お父さんとお母さんに挟まれて、私は静かに規則正しい呼吸をし、寝息を立てるふりをした。
本当はまだ起きていたけれど、二人の邪魔をしてはいけないと思ったからだ。
二人は私を挟んで会話している。二人は声を抑えているが、私には話の内容が明瞭に聞こえている。
「クセニア……すまない。俺は、親父の遺した店を守らなきゃって、そればっかりで、俺……」
お父さんの声は、ひどく掠れていた。
「家族を蔑ろにしちゃってた……。親父の遺志を継いでるつもりで、見当違いなことをしちゃってた……」
「……私もよ、デオン」
お母さんの声は、いつものおっとりした響きの中に、微かな震えを帯びていた。
「あなたがお店を守るために、どれだけ必死か分かっていたから。休んで欲しいなんて、おいそれとは言えなかったの……」
お母さんは、ずっと抱え込んでいた胸の内を明かす。
「私、ソフィは元気にお手伝いしてくれるし、大人しくていい子だからって、ついつい甘えてた。でも、我慢させちゃってた」
鼻をすする音が聞こえた。お母さんが泣いているのだ。
「私、自分が我慢すればいいと思ってた。でも、ソフィにも我慢させちゃってた。いくら大人びてるといっても、あの子はまだ六歳の子供なのにっ」
私は思わず叫びそうになった。お母さんのせいじゃないよって。目を開けてお母さんを抱きしめそうになった。

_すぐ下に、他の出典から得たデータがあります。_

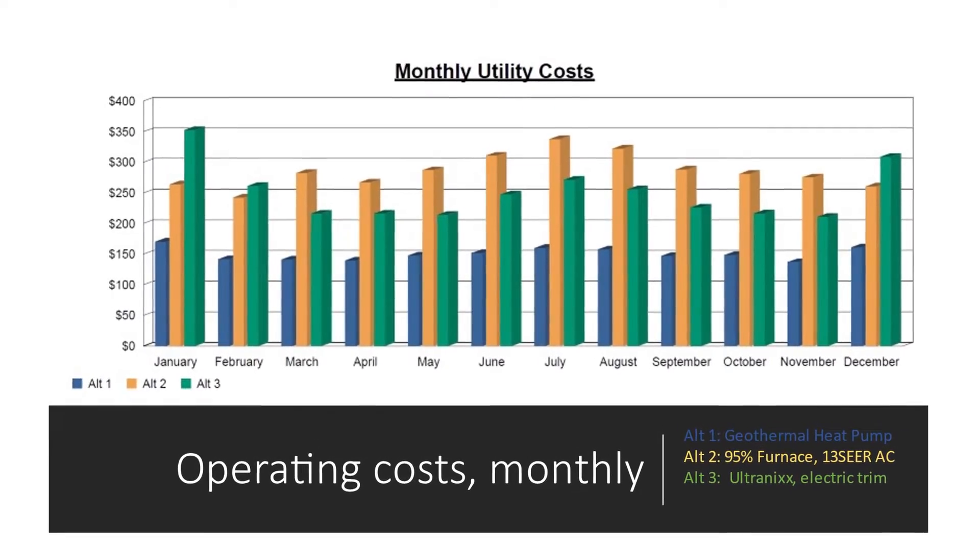What about the operating costs? It's another important point. I mentioned just a second ago it's very efficient — in air conditioning mode this is 18 SEER, and a conventional code-compliant is 13 SEER. That doesn't mean a whole lot to most people, but it'll reduce the cost of air conditioning by about 40 percent. That's pretty significant.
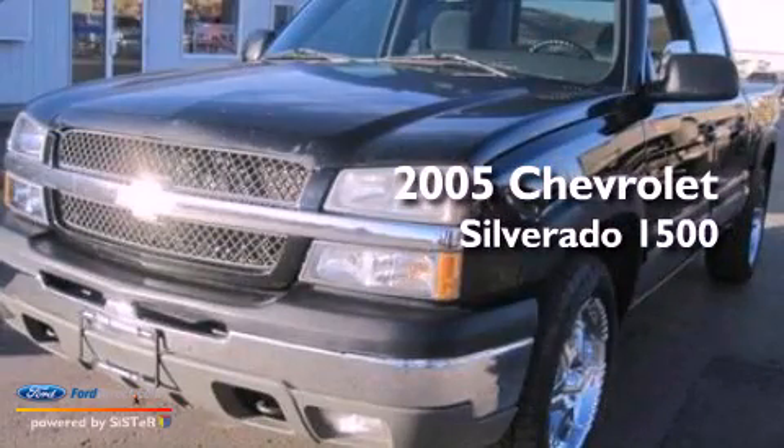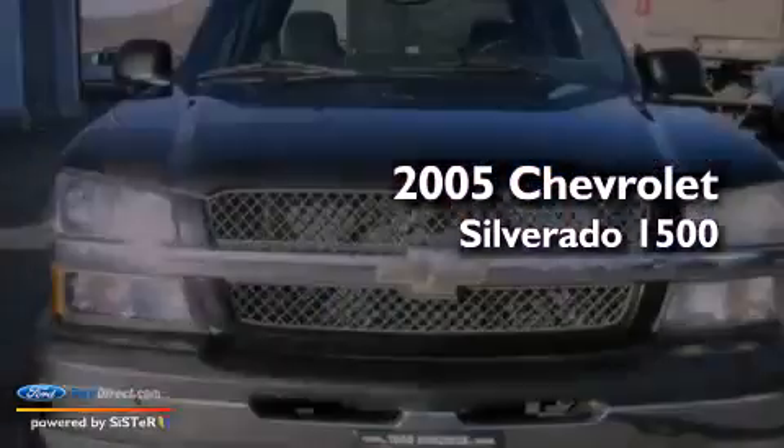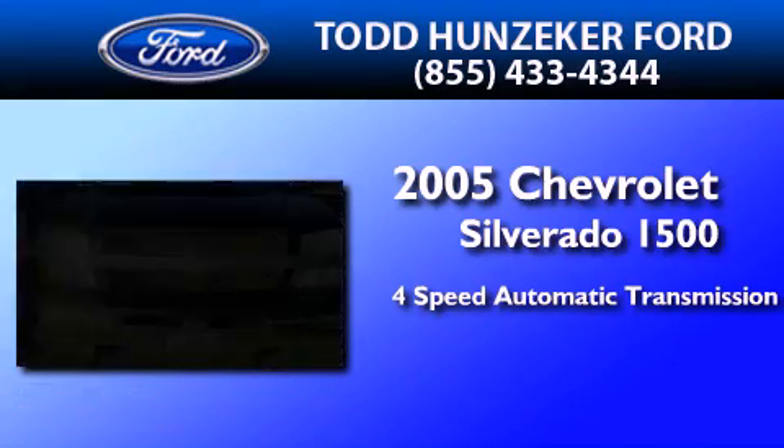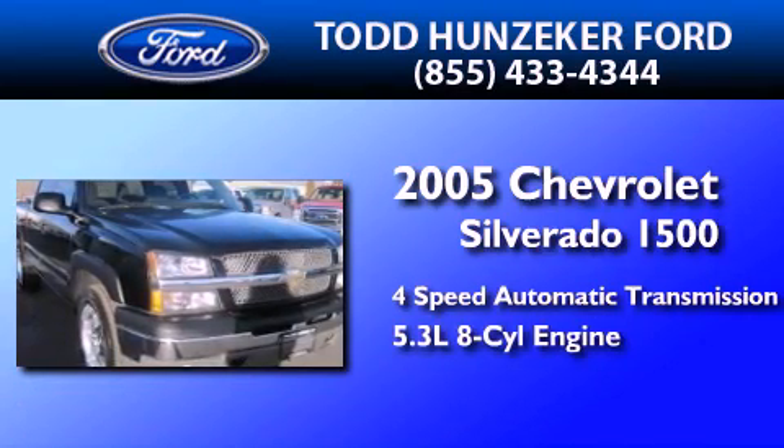This is a 2005 Chevrolet Silverado 1500. This truck has a 4-speed automatic transmission and a 5.3-liter V8.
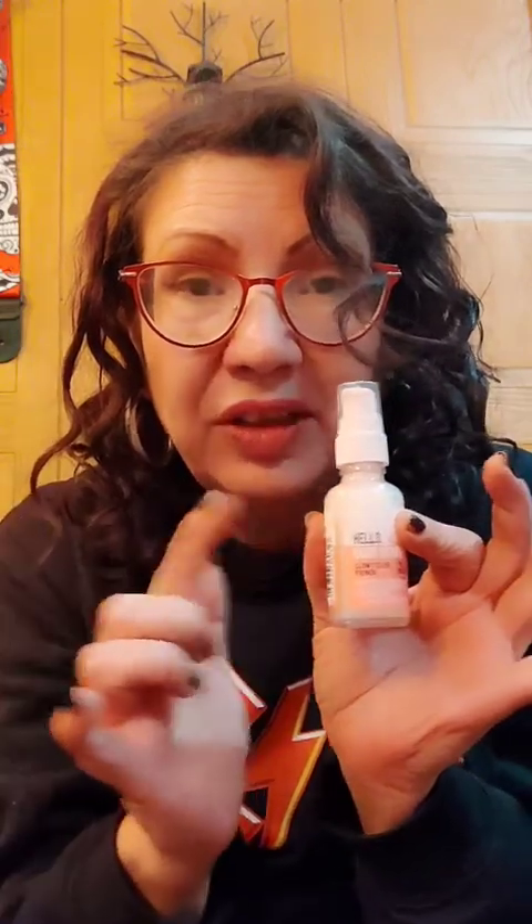So let's get started. Let's talk primer. We got this — $6.99 Hello Good Stuff Glow Serum Primer. It's a hydrating and smooth base with water melon water. You spray it on, allow it to absorb, and then put your makeup on. We're going to see how good that works.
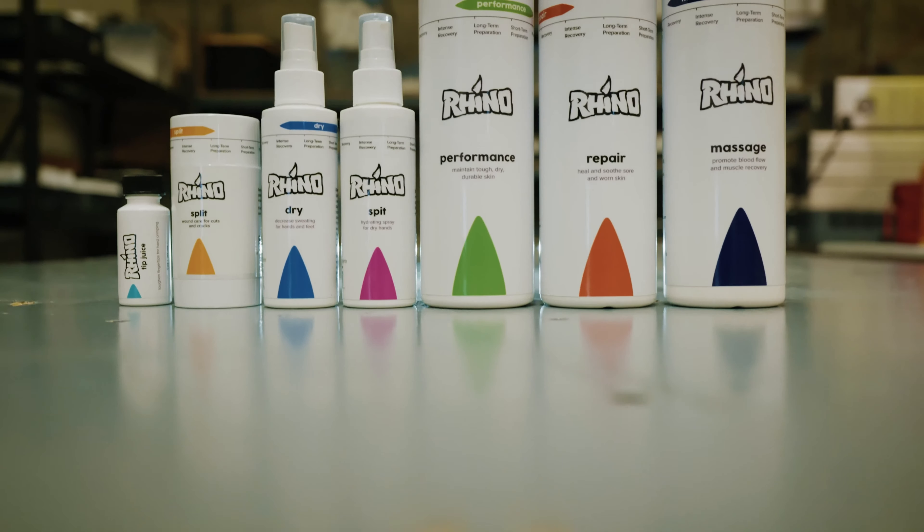Rhino stands out from other companies a couple of different ways. The number one thing is we make sure all of our products are non-greasy, so you apply it to your hands, you go about your day, you don't have wet greasy hands to deal with. The other way is it's all earth-grown ingredients. If you take a look at the list of ingredients on the back, it's plant-based, it works, and it's good for you.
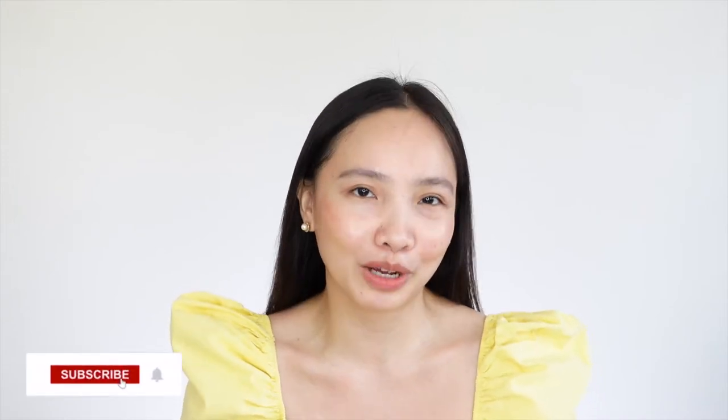Hey stars, welcome back to my channel. If you're new here, my name is Tara, and welcome to another skincare vlog. I have been using the Laneige Radiance Sea Cream for almost three months now, so I believe it is time for a review. If you guys are into skincare, make sure to subscribe to my channel.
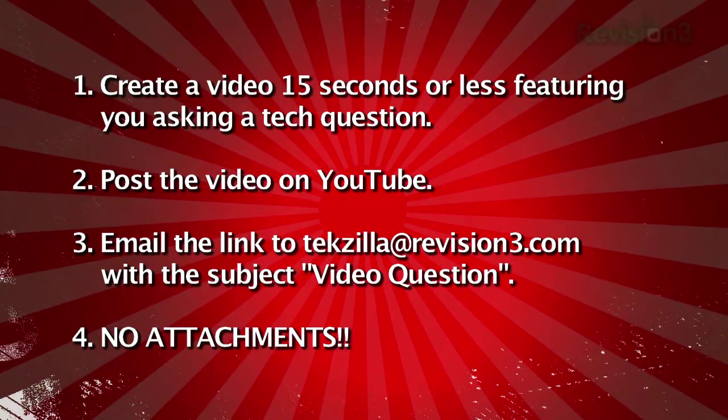For everybody watching, we live for your questions. Email us at techzilla@revision3.com — tech help, product reviews, how-to's, and apparently shooting hard drives. Send us a video question: keep it to 15 seconds, upload it to YouTube, and send us a link with 'video question' in the subject line. You can also visit our forums at revision3.com/forum. Thank you so much for watching. I'm Patrick Norton. I'm Veronica Belmont. Until next time, you've been watching TechZilla.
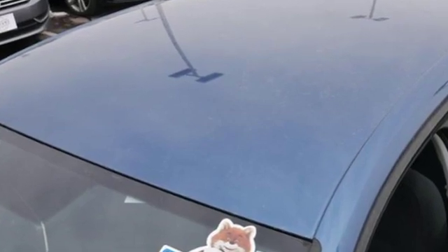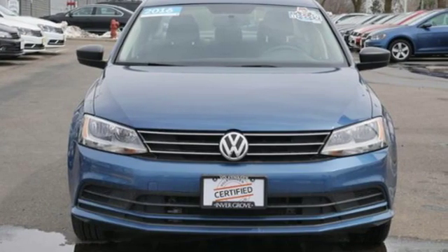Enjoy every drive in a Volkswagen. You'll never know until you try. Test drive it today.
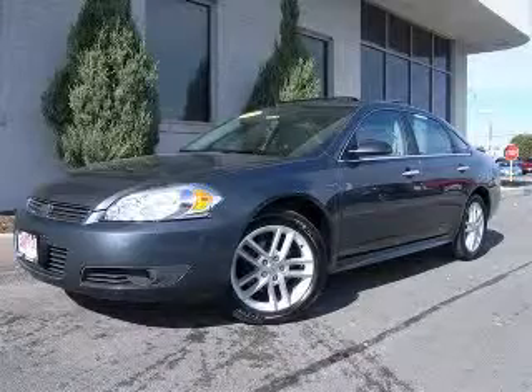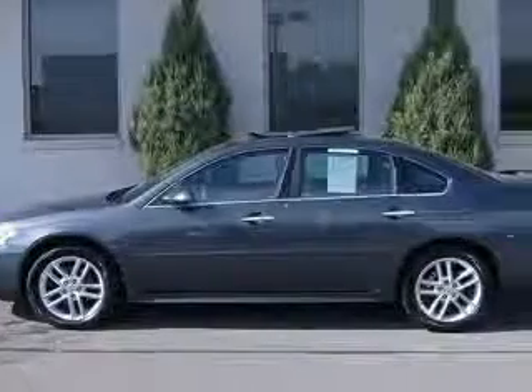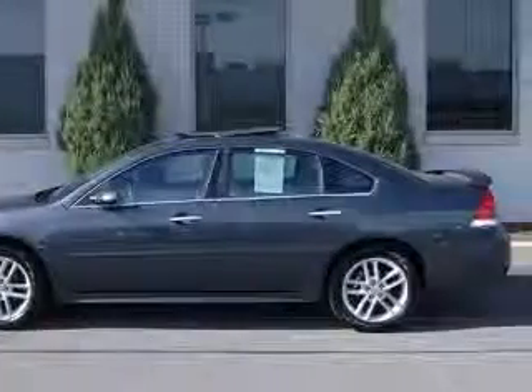We are proud to present this excellent certified 2010 Chevrolet Impala. This Impala has a 3.9L V6 engine and an automatic transmission.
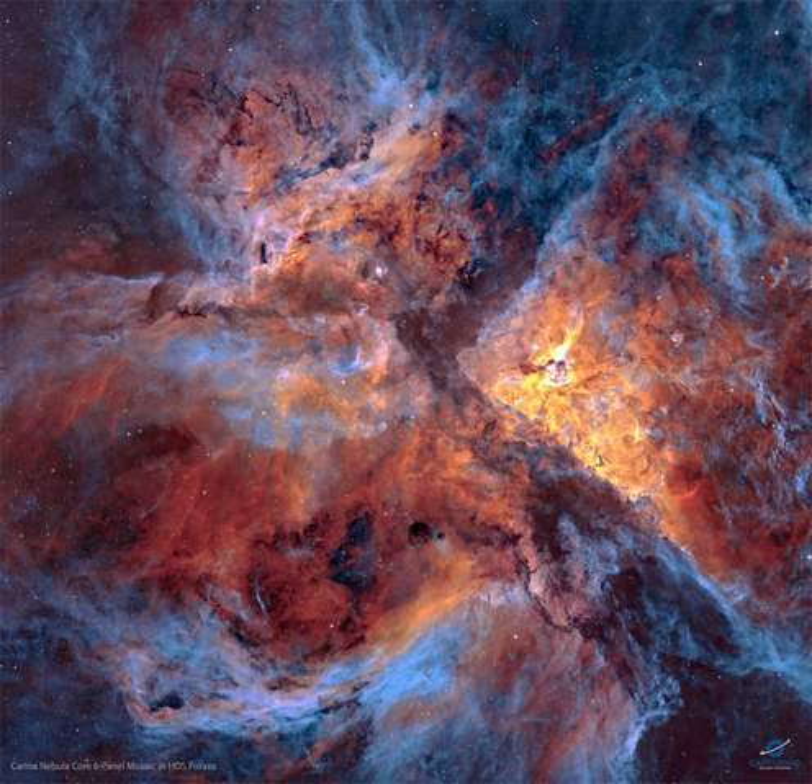The entire Carina Nebula, catalogued as NGC 3372, spans over 300 light-years and lies about 8,500 light-years away in the constellation of Carina. The nebula is composed predominantly of hydrogen gas,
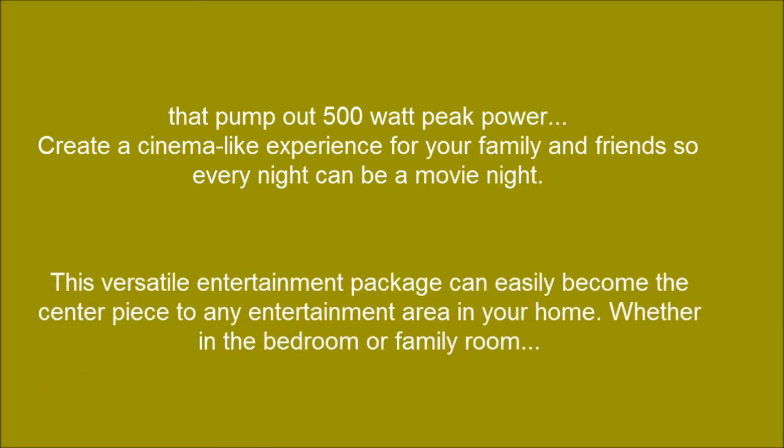That pumps out 500 watt peak power to create a cinema-like experience for your family and friends, so every night can be a movie night. This versatile entertainment package can easily become the centerpiece to any entertainment area in your home.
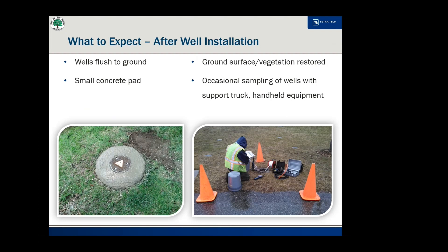At each of the well locations, up to two monitoring wells will be installed, flush with the ground with a small concrete pad around each well. The ground surface and vegetation will otherwise be restored. Occasional groundwater sampling of the wells will occur to determine if the 1,4-dioxane plume is migrating to the northeast. Sampling will occur during normal business hours and will be limited to a truck and small handheld sampling equipment.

私より先に、お父さんが私越しにお母さんを強く抱き寄せるのが分かった。
「明日から。明日から改めよう。直ぐには上手くいかないかもしれないけど……。それでも……。ソフィも、俺たちも、笑顔で過ごすために」
「ええ。明日は。明日からは。きっと、もっといい日になるわ」
まだ、問題を認識して変わろうとし始めただけ。それでも、二人の声には確かな希望の光が宿っていた。
私は心の中でこっそりと微笑み、今度こそ本当に、深く安心できる眠りへと落ちていった。